Most helpful customer reviews

9 of 10 people found the following review helpful.
Malavita is a good read, indeed
By Tony Covatta
First off, I have seen the trailer of the movie based on the book, "The Family," which has not yet been released. As in so many other cases, I predict on limited evidence that the book is superior to the film. De Niro, Michelle Pfeiffer and Tommy Lee Jones are excellent actors, but the movie appears to have reduced what is an excellent and unusual book to the Hollywood stereotypes. Good Fellas goes to France. Lots of action and not much meaning. Fun to see if you like that sort of thing, and I will see it, but the book has so much more than casting Don Corleone as a comedian living in retirement in France. Maybe unfair, since I only have the trailer to base this comparison on, but I predict that I am correct.

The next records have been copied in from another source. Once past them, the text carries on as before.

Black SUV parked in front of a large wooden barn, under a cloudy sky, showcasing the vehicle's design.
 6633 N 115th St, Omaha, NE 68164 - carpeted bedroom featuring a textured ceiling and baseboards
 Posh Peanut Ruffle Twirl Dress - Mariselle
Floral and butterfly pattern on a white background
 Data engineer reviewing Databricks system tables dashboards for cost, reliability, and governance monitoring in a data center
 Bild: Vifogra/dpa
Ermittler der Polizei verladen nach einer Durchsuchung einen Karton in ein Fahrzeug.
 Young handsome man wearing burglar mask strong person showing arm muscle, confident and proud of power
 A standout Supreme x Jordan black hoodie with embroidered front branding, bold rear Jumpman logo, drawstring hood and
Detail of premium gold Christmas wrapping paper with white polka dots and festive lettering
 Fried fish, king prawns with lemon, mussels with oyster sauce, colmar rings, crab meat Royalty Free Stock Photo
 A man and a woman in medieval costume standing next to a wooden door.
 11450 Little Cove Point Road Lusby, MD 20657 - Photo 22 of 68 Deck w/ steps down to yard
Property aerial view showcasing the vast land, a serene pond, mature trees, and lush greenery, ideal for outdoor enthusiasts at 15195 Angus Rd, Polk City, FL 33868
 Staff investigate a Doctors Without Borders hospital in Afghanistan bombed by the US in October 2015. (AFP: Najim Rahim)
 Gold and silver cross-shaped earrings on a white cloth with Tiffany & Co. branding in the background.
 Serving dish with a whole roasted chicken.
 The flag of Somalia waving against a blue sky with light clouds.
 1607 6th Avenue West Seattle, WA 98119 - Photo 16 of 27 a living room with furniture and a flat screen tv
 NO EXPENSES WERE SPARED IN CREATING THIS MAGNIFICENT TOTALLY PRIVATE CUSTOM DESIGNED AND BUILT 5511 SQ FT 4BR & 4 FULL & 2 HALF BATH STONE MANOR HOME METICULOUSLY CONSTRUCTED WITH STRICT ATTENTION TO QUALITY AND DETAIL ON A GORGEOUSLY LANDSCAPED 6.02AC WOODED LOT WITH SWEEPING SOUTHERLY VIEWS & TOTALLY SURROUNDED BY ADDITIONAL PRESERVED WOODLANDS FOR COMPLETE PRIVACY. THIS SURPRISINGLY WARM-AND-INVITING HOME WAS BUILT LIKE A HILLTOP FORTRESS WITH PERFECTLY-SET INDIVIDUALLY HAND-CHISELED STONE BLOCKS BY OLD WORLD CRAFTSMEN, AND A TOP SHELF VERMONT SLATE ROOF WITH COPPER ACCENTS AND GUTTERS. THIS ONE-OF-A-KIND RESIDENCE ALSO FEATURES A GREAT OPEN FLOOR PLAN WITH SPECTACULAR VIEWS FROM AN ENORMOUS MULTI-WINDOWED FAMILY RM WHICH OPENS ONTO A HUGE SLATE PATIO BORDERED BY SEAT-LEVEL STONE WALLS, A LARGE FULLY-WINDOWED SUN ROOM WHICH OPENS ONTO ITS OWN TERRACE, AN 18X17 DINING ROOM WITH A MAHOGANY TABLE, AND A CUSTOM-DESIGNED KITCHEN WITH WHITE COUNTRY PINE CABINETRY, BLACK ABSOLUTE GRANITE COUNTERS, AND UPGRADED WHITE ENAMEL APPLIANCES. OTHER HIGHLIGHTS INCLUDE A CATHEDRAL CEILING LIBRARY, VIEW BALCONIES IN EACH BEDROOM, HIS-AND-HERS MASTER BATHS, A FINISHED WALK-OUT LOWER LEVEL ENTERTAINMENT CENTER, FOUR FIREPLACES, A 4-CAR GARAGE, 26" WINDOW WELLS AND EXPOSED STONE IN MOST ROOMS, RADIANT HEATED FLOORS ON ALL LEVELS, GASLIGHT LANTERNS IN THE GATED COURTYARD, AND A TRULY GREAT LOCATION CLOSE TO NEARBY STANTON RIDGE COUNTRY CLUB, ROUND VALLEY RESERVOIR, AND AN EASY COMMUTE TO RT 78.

Focussing on the book, which I did read cover to cover, it is always interesting to read books about America and Americans written by Europeans who don't live here. Kafka's "Amerika"is an example, as is Brecht's weird play, "In the Jungle of Cities." To Benacquista's credit, he gets American folkways, including the Mafia down pretty well. He does put Green Bay in Michigan, and the translator must be an Englishwoman, as there are a number of "blokes" in the story and people are getting "sorted out" and the like. Minor errors however. The text reads easily and smoothly.

The real strength of the book is that the characters have depth. Fred/Giovanni, Maggie/Livia and the kids, Warren and the aptly named Belle think and speak about issues of good and evil, honesty and deceit intelligently and insightfully. Benacquista talks knowledgably about the criminal psyche, and the book shows tellingly what makes and breaks marriages and other relationships between people who do or should love each other, all while telling an interesting story.

Those looking for a rollicking crime romp with no excursion into deeper meaning can skip this one. But for readers who like mysteries and serious analysis of what makes people tick in the same book. there is a lot here.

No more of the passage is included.